Bornes quantiques au chaos
Le comportement chaotique des systèmes classiques non linéaires est un effet omniprésent résultant de l’imprévisibilité de leur dynamique complexe. Dans un travail récent, des physiciennes et des physiciens théoriciens - notamment de l'Institut de physique théorique (IPhT - CNRS/CEA) - montrent que des limites au chaos, imposées par la mécanique quantique, sont déterminées par un principe universel d'équilibre thermique.
La plupart des systèmes décrits par la mécanique classique peuvent avoir des comportements chaotiques, ce qu’avait compris Poincaré dès 1888 dans son analyse du problème à trois corps. Dans ces régimes dynamiques, un décalage même minime entre deux configurations de départ voisines croît exponentiellement, les deux systèmes évoluant ensuite de façon complètement différente. Le coefficient de l’exponentielle s’appelle l’exposant maximal de Lyapunov et quantifie le degré de chaoticité du système. Le météorologue Lorenz redécouvrit beaucoup plus tard cette sensibilité aux conditions initiales (et l’imprédictibilité des trajectoires qu’elle implique), et popularisa le phénomène en 1972 sous le nom d’« effet papillon ». En mécanique quantique, trouver la signature de comportements qui seraient l’équivalent du chaos classique est un problème compliqué, malgré le fait que la mécanique classique émerge naturellement de la quantique quand les corps en interaction deviennent macroscopiques.
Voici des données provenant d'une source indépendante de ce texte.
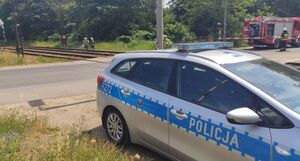 Radiowóz policyjny stoi zaparkowany przy torach kolejowych.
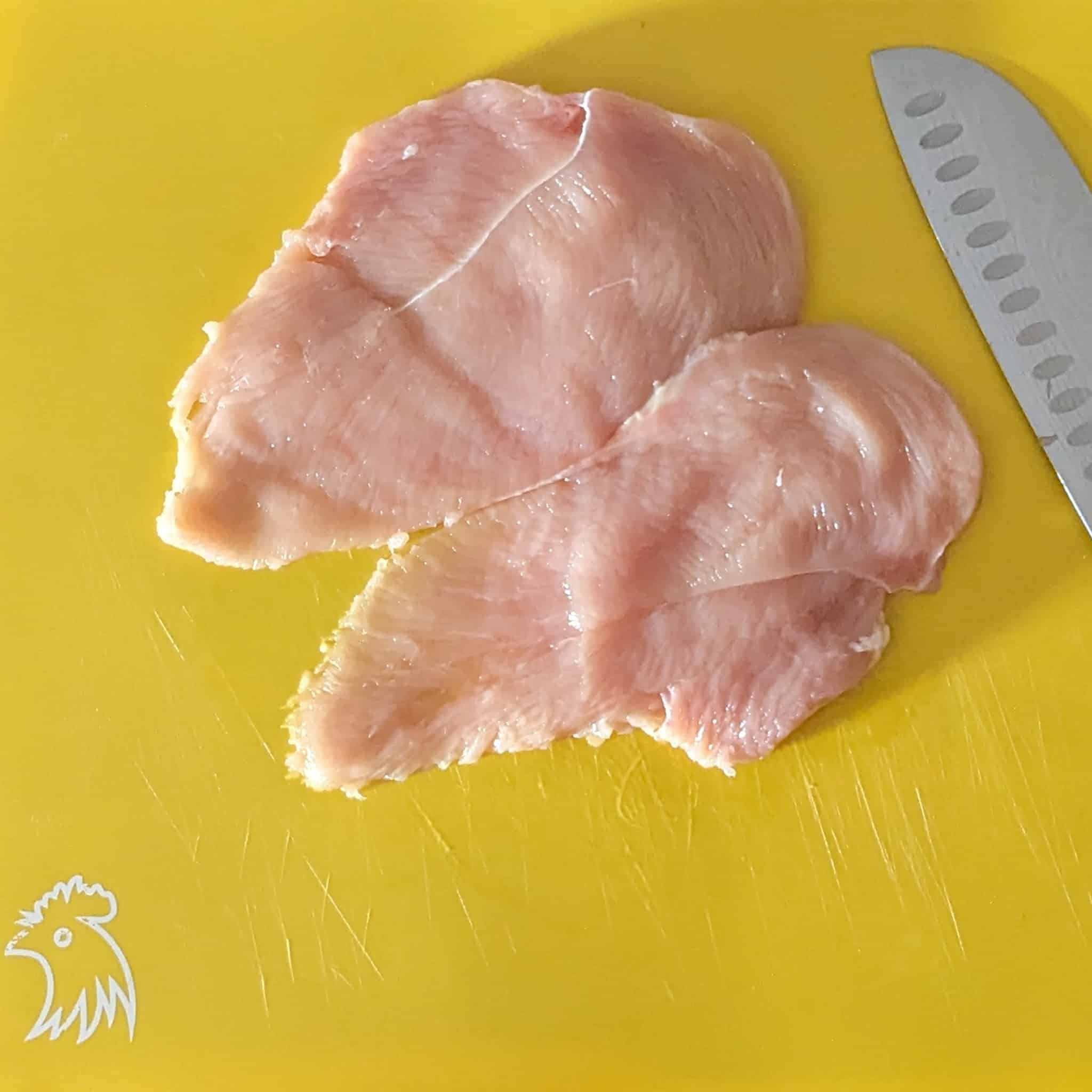 butterflied chicken breast on a color coded cutting board for raw chicken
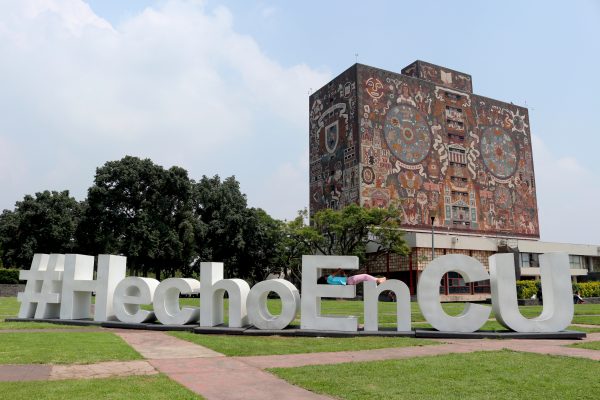 A young girl rests on a “Made in CU” (Ciudad Universitaria) in the shadow of the Biblioteca Central on Sept. 7, 2018 amid the calm of UNAM's main campus just two days after a protest against the university's authorities drew 30,000 people. (Tim MacFarlan/Special to The Epoch Times)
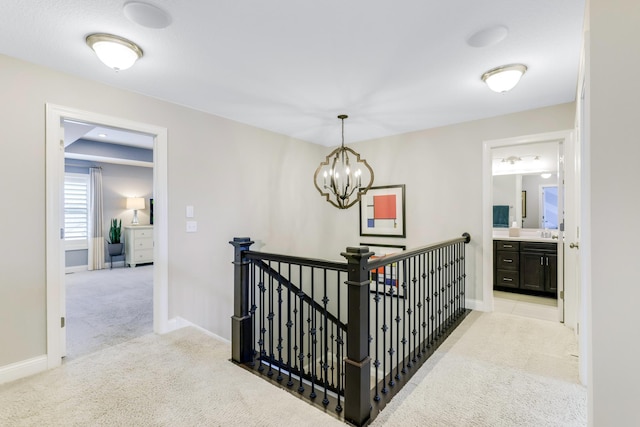 hall featuring baseboards, light carpet, an upstairs landing, and an inviting chandelier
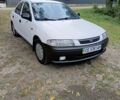 Белый Мазда 323, объемом двигателя 1.5 л и пробегом 423 тыс. км за 1850 $, фото 1 на Automoto.ua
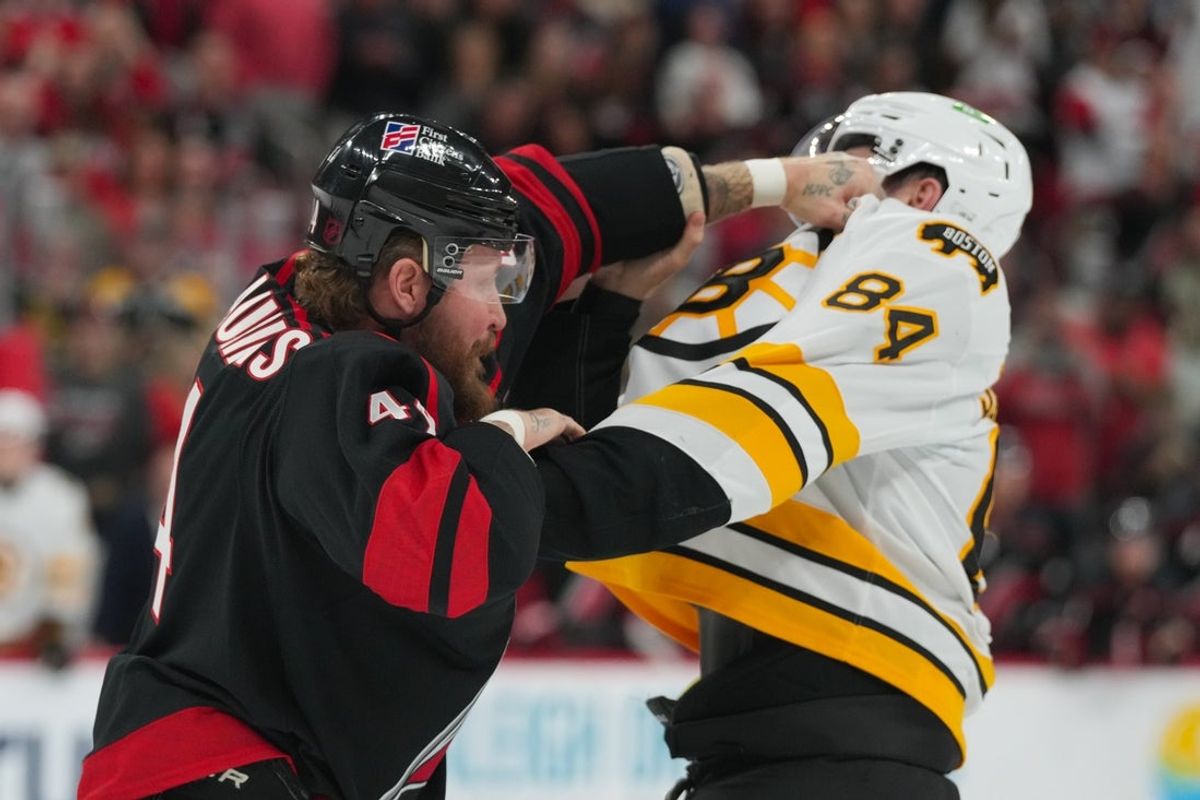 Oct 27, 2026; Raleigh, North Carolina, USA;  Carolina Hurricanes left wing Nicolas Deslauriers (44) and Boston Bruins left wing Tanner Jeannot (84) fight during the first period at Lenovo Center.  Mandatory Credit: James Guillory-Imagn Images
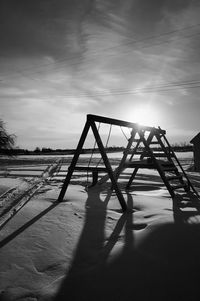 Shadow of tree on snow covered landscape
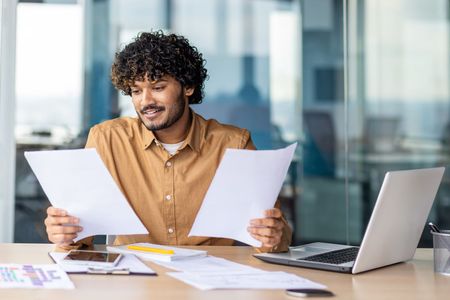 Man reviewing two documents at a desk with a laptop and papers in a bright office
Cette question a fait l’objet de débats intenses depuis des décennies, et récemment des équivalents quantiques de l’exposant de Lyapunov ont été discutés, établissant ainsi que le chaos classique imprime sa marque dans le monde quantique de façon très analogue.
En parallèle, d’autres contributions de ce domaine ont établi que la mécanique quantique influence réciproquement le chaos des systèmes dynamiques, en bornant de façon universelle les exposants de Lyapunov classiques. Ce résultat a suscité un intérêt considérable car il résonne avec d’autres travaux théoriques qui ont montré que la viscosité et la conductivité de certains systèmes sont également contraintes aux basses températures, sans qu’on sache faire encore le lien entre ces propriétés. On a même constaté avec surprise pour certains modèles de trous noirs, ces limites sont atteintes exactement...
Des scientifiques du Laboratoire de physique de l’École Normale Supérieure (LPENS, CNRS/ENS/Sorbonne Univ./Univ. Paris Cité) et de l’Institut de physique théorique (IPhT, CNRS/CEA) viennent d’ajouter un élément important à ce débat, en reliant les bornes quantiques des exposants de Lyapounov à une relation cardinale de la physique statistique (dans sa version quantique), la relation de Fluctuation-Dissipation, énoncée pour la première fois en 1905 par Einstein dans sa théorie du mouvement brownien. Ce lien ouvre une voie prometteuse pour trouver le « chaînon manquant » et relier les différentes bornes quantiques découvertes ces dernières années. Ce travail est publié dans la revue SciPost Phys.
Référence
Quantum bounds and fluctuation-dissipation relations
S. Pappalardi, L. Foini, J. Kurchan, SciPost Phys. 12, 130, paru le 14 avril 2022.